Measuring Lung Function Over the Phone with SpiroCall
|Shwetak Patel, Washington Research Foundation Endowed Professor of Computer Science & Engineering and Electrical Engineering at the UW; UW CSE doctoral student Mayank Goel; and UW EE doctoral student Elliot Saba (from left). Photo: Dennis Wise/University of Washington|
|SpiroCall works with any type of phone.|
|SpiroCall was tested in clinics in Bangladesh.|
For individuals who manage chronic lung disease, it’s vitally important to be able to easily obtain accurate data to measure their lung function. Now, patients can do just that by simply picking up any phone anywhere in the world — thanks to a tool called SpiroCall.
Developed by a team of researchers lead by Shwetak Patel, Washington Research Foundation Endowed Professor of Computer Science & Engineering and Electrical Engineering, SpiroCall is a new health sensing tool that can accurately measure lung function over a simple phone call.

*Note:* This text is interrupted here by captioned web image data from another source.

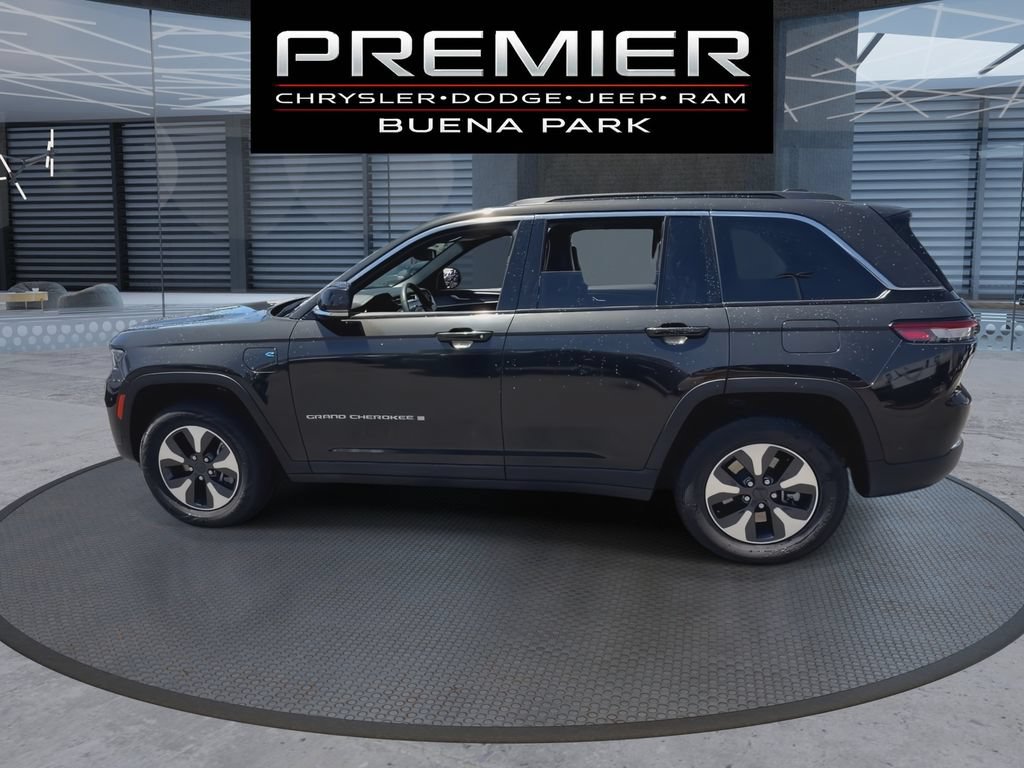 Used 2024 Jeep Grand Cherokee Limited 4xe AWD/4WD image 5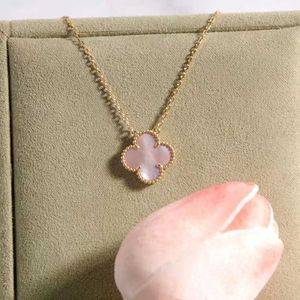 Ontwerpermerk van vier bladgras natuurlijk poeder fritillaria ketting eenvoudige glod dikke platen 18k rosé goudmode nieuwe trend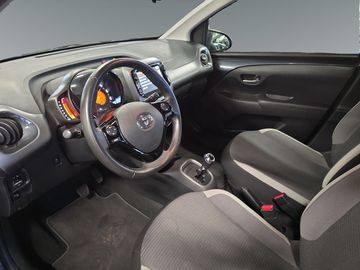 Car image 14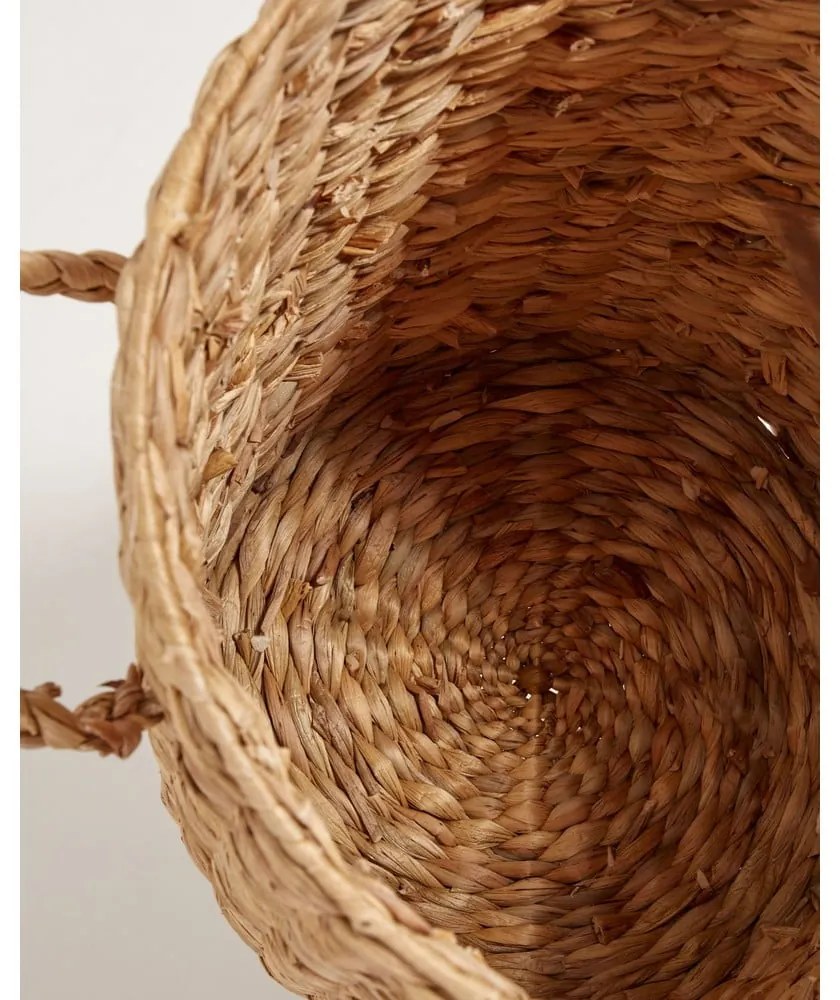 Kôš na bielizeň z vodného hyacintu v prírodnej farbe Yessira – Kave Home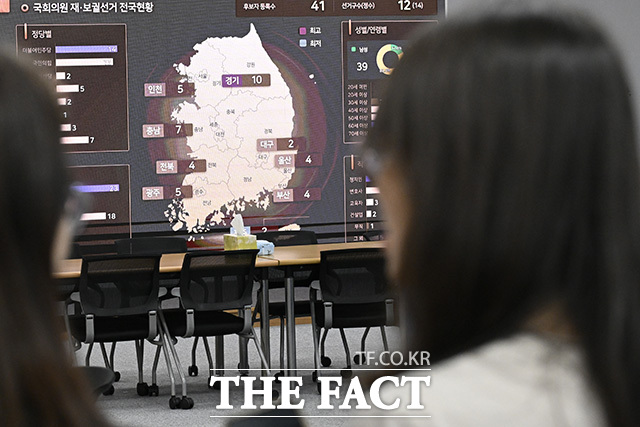 전광판에 국회의원 재·보궐선거 현황이 표시돼 있다.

Rather than traveling to a clinic to use a doctor’s spirometer, all a patient has to do with SpiroCall is dial a toll-free number and breathe into the phone.
SpiroCall uses a phone’s built-in microphone and standard audio channels, so it works with any phone from smartphone to landline — but there were challenges. "We had to account for the fact that the sound quality you get over a phone line is worse," said co-author Elliot Saba, electrical engineering doctoral student. "You can imagine how listening to someone play a song over a phone line would sound compared to listening to it on your music app — there's a similar difference with a spirometry test."
To compensate for less-than-ideal sound quality, the team was able to combine multiple algorithms and other critical factors to provide readings that resulted in reliable lung function estimates despite degraded audio technology.
SpiroCall has immediate applications in rural communities and developing countries around the world, where medical clinics may be more difficult to access.
The research team will be presenting their paper at the upcoming Association for Computing Machinery’s CHI2016 conference this month.